As a data scientist, you need to aware of several R portability issues that arise when developing R analytics for use in your local R environment and in the DeployR server environment. They are:

Package portability
Input portability
Portable access to data files

These portability issues can be solved when you use the functions in the deployrUtils package.

Use deployrPackage() to declare your package dependencies in your R code.
Use deployrInput() to declare the required inputs along with default values in your R code.
Use deployrExternal() to access big data files from your R code.

The steps for using and testing the package functions in your R code locally and then testing them again in the DeployR server environment are described in the Usage section at the end of this document.

Package Portability

Let's begin with some sample R code demonstrating how to declare your package dependencies in a portable manner:

## Ensures this package dependency is installed & loaded from the start
deployrPackage("ggplot2")

Traditional R package management primarily involves using install.packages() to install R packages from CRAN or a local repository in your local environment and library() to load packages at runtime.

When preparing portable R code for use both locally and in DeployR server environment, R package management recommendations differ slightly since the R script will be run in a remote server environment whenever executed on the DeployR server.

Unlike your local environment, you do not control that remote environment as a data scientist. Since that remote environment is entirely independent, it is also potentially different from your local environment, which means that your R code might not be portable if that remote environment doesn't have all the packages your R scripts need.

Solution: Always declare your package dependencies in your R code using the deployrPackage().

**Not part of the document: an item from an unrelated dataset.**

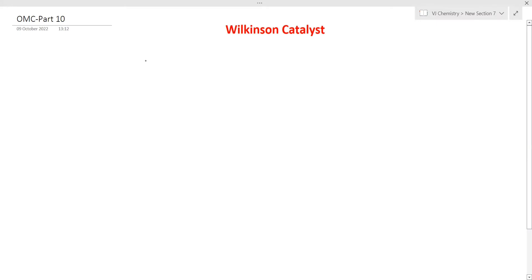Hello everyone, welcome to Vijay Chemistry. We are going to talk about Wilkinson's catalyst and the reaction mechanism. Topics include oxidative addition, reductive elimination, transmetalation, beta elimination, migration, and concepts in the catalytic cycle.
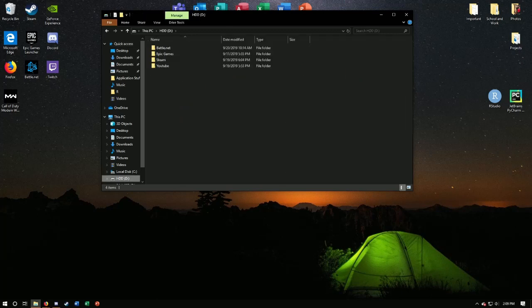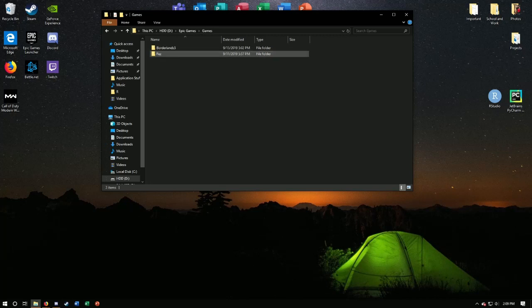So first you're going to find where you saved a game. I saved mine on this hard drive under Epic Games. Then I go to Games, and then Borderlands 3 folder.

To ensure your R code runs consistently in your local environment and in the DeployR server environment, always use the deployrPackage function from the deployrUtils package in your R code. To learn how to get the package, use its functions locally, and test them in DeployR, read the Usage section.

In a nutshell, using the deployrPackage function safeguards your R code by making certain that:

The necessary packages are loaded and available to your R code at runtime.
Your R code is portable across your local environment and the DeployR server environment.

When you use the deployrPackage function, you can avoid issues such as having tested your R code locally, and then discovering that your R code fails when executed in the DeployR server environment due to one or more missing package dependencies.

Input Portability

Let's begin with some sample R code demonstrating how to declare your required script inputs in a portable manner:

## Creates an integer variable named 'age' if it does not already exist
deployrInput('{ "name": "age", "label": "Age", "render": "integer", "default": 6 } ')

The R scripts you develop and deploy to the DeployR server environment are ultimately executed as Analytics Web Services by client applications. Most commonly, these R scripts expect input data to be provided by this application upon execution. In order for these inputs to be provided, the application developer who is integrating the R scripts must first know which inputs are required.

As a data scientist creating analytics for use in DeployR, you are responsible for providing the application developers not only with the necessary analytics, but also helping them understand the inputs required by those analytics.

Whenever a required input is missing at runtime, the R script will fail. Missing inputs present a real problem not only in production, but also when testing R scripts in multiple environments.

Solution: Always declare the inputs required by your R code and assign them default values using deployrInput().

The deployrInput function, provided by the deployrUtils package, enables you to specify the inputs required for your scripts directly in your R code along with the default value for each input. Using the deployrInput function, you can ensure your code is portable while providing clear guidance to your client application developers as to which script inputs their application will be required to supply. To learn how to get the package, use its functions locally, and test them in DeployR, read the Usage section.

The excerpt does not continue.